Before AfD emerged in 2013 as an anti-euro and anti-Greek-bailout party, Germany had no successful right-wing populist movement. Given that trade as a share of GDP had already been stagnating since the 2008 financial crisis, the party quickly shifted its focus to xenophobia and anti-immigrant policies.
AfD’s political trajectory reflects its popularity in eastern Germany, where the party won 27.5% and 23.5% of the vote in Saxony and Brandenburg, respectively – roughly twice its share in Germany’s western states.
The roots of this disparity lie in the lead-up to the country’s 1990 reunification, when the West German government liberalized trade with East Germany overnight.
The East German Ostmark was converted to the Deutsche Mark at a rate of 1:1, causing wages in the east to increase to 70% of western German salaries, even though productivity in East Germany was just 30% of that in the west.
As a result, the East German manufacturing sector went bankrupt almost immediately.
German reunification, shaped by a false narrative that East Germans had “nothing to sell” in a market economy, marked the beginning of East Germany’s deindustrialization, resulting not only in job losses but also in a collective loss of self-esteem. The decline in living standards, and the resentments to which it gave rise, empowered the far right.
But globalization per se did not play a major role in AfD’s eastern surge. Eastern Germany became a de facto closed economy after the fall of the Berlin Wall, with little exposure to international trade or immigration. This provincialism may have contributed to the increase in anti-immigrant sentiment, as having little interaction with foreigners has been shown to encourage xenophobia. A 2017 study, for example, found that high refugee density was correlated with a lower vote share for AfD.
Another reason Germany did not experience the same anti-globalization backlash as the United States and other high-income countries is that it did not suffer the same economic devastation as they did. The “China Shock” that followed China’s admission to the World Trade Organization in 2001 had a profound impact on jobs and wages in the US, particularly for workers in the manufacturing sector, driving the decline of US manufacturing employment and contributing to former President Donald Trump’s election in 2016. The German labor market, on the other hand, has not been affected in the same way by China’s export boom.
Germany’s economy fared better than other developed countries because domestic manufacturers faced less import competition from Chinese imports, which increased by 14% between 2000 and 2010, compared to 25% in the US.
Moreover, German imports from China tended to be goods that it had previously imported from other low-cost markets, like textiles, thereby causing job losses in countries like Greece and Turkey, but not in Germany. The effect of rising Chinese imports was also more than offset by a surge in German exports to Central and Eastern Europe, resulting in an increase in manufacturing employment.

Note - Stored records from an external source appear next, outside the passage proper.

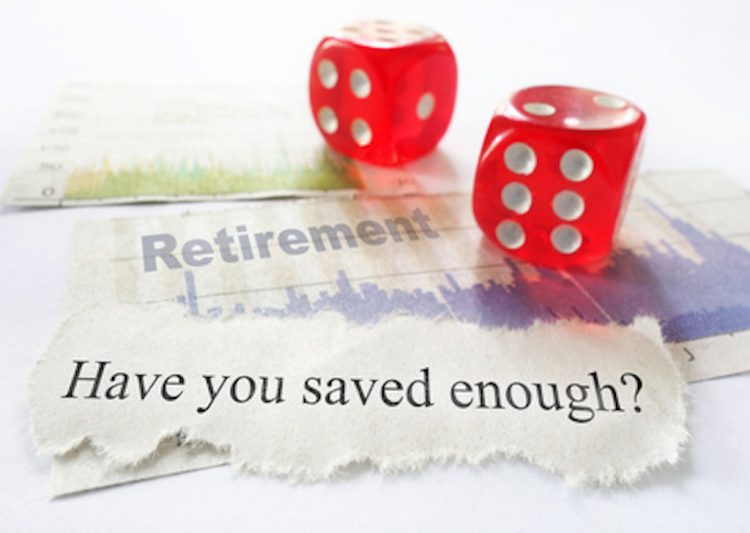 Retirement savings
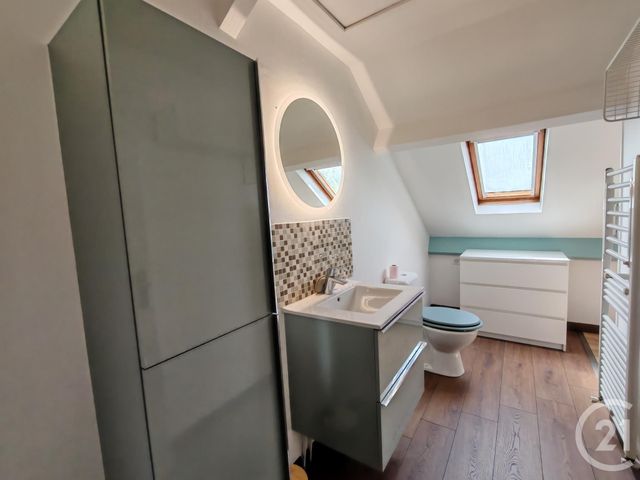 Appartement F2 &agrave; louer - 3 pi&egrave;ces - 47,70 m2 - Nucourt - 95 - ILE-DE-FRANCE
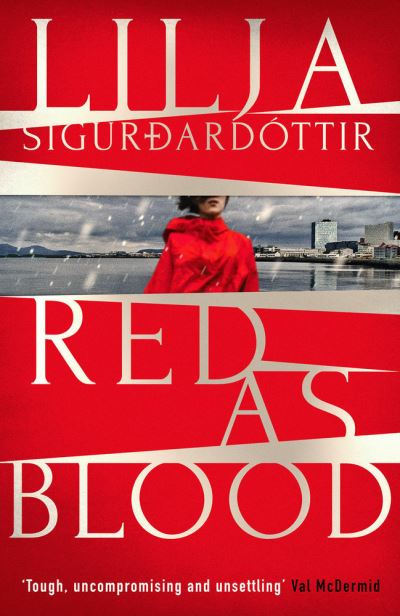 Red as blood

Lastly, Germany experienced a sharp increase in exports to China, compensating for the growth in Chinese imports. German exports to China almost doubled after the 2008 financial crisis, owing to demand among Chinese manufacturers and China’s burgeoning middle class for German machinery, chemicals, and cars.
But the rewards of this increase in trade were unevenly distributed. The expansion of production networks to Central and Eastern Europe, where labor was cheaper, led to a 30% decline in German unit-labor costs between 1995 and 2012. Germany was the only European country to experience such a decline, as the threat of offshoring to its eastern neighbors shifted the balance of power between trade unions and employers, resulting in the decentralization of wage bargaining and the weakening of organized labor. While this structural wage restraint (Lohnzurückhaltung) has been blamed for reducing German wages, it also made Germany more competitive.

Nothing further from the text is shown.